October 22, 1990|By Robert Haskins

Music by four composers active during the 1760s and 1770s -- a time of fertile experimentation separating the fully formed masterpieces of the High Baroque and those of the Classical eras -- was the bill of fare for Pro Musica Rara's performance yesterday at the Baltimore Museum of Art.

For this opening concert of its 16th season, Pro Musica's forces were augmented by the early music violin performance expert Stanley Ritchie. Mr. Ritchie led the ensemble in symphonies by William Boyce (number III in C major) and Johann Christian Bach (Opus 6/III, in E-flat major), and also performed Mozart's Violin Concerto in D major, K. 278.

As in the case of any art in transition, the range of musical styles was quite diverse. The Boyce, from a set of six symphonies published in 1760, owes a debt to the music of George Frideric Handel, particularly in its lean textures and harmonic style. The J. C. Bach symphony, by contrast, exploits the dramatic effect of opposing tonal areas, and is one of the classical style's earliest, most exultant utterances.

In each work, Pro Musica Rara magnificently effected the shifting of musical gears between each style. From the wistful minuet that closed the Boyce to the visceral, kinetic outer movements of the J. C. Bach, the ensemble demonstrated good control of phrasing, rhythmic articulation and the projection of a unique character for each piece on the program.

Mr. Ritchie's performance of the Mozart concerto (composed while Mozart was still in his teens and exploring the possibilities of J. C. Bach's new harmonic style) was competent and well-considered. Though he had some lapses of phrasing and intonation in the first two movements, Mr. Ritchie triumphed in the puckish finale, a rondo made of sections in alternately moderate and fast tempos.

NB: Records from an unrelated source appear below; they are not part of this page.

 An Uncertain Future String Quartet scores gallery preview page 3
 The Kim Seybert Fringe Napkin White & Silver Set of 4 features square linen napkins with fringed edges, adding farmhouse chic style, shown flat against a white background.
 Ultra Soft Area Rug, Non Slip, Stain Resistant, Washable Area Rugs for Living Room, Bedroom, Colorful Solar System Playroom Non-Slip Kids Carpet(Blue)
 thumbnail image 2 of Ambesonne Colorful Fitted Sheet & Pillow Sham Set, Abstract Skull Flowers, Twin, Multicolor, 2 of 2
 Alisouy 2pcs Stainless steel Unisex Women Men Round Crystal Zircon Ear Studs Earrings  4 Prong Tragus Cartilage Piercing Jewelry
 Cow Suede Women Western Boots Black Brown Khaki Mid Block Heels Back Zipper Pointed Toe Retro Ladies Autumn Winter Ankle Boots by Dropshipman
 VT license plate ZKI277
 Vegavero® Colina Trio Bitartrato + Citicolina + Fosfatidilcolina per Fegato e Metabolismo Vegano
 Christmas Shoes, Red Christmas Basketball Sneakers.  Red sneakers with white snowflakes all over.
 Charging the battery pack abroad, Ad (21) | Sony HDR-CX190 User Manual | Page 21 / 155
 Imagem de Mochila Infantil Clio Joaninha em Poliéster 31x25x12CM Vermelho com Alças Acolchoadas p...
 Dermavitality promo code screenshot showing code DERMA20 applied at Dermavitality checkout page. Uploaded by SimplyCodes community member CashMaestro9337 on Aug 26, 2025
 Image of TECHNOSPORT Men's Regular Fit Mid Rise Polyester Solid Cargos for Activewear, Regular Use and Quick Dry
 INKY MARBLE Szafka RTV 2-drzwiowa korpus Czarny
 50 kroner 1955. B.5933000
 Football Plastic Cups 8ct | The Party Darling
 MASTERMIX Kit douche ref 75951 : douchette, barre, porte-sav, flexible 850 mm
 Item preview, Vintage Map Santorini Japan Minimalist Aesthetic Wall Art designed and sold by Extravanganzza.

Also on the program was the Harpsichord Concerto in F major by Carl Philipp Emanuel Bach, performed by harpsichordist Amy Rosser. C. P. E. Bach's music, with its abrupt changes of texture and mood, is some of the most neglected and wonderfully bizarre music of all time -- and a real challenge to perform convincingly. Ms. Rosser rose to the challenge admirably, particularly in her handling of rubato and ornamentation in the concerto's slow movement and in selected passages of its rapid, impetuous finale.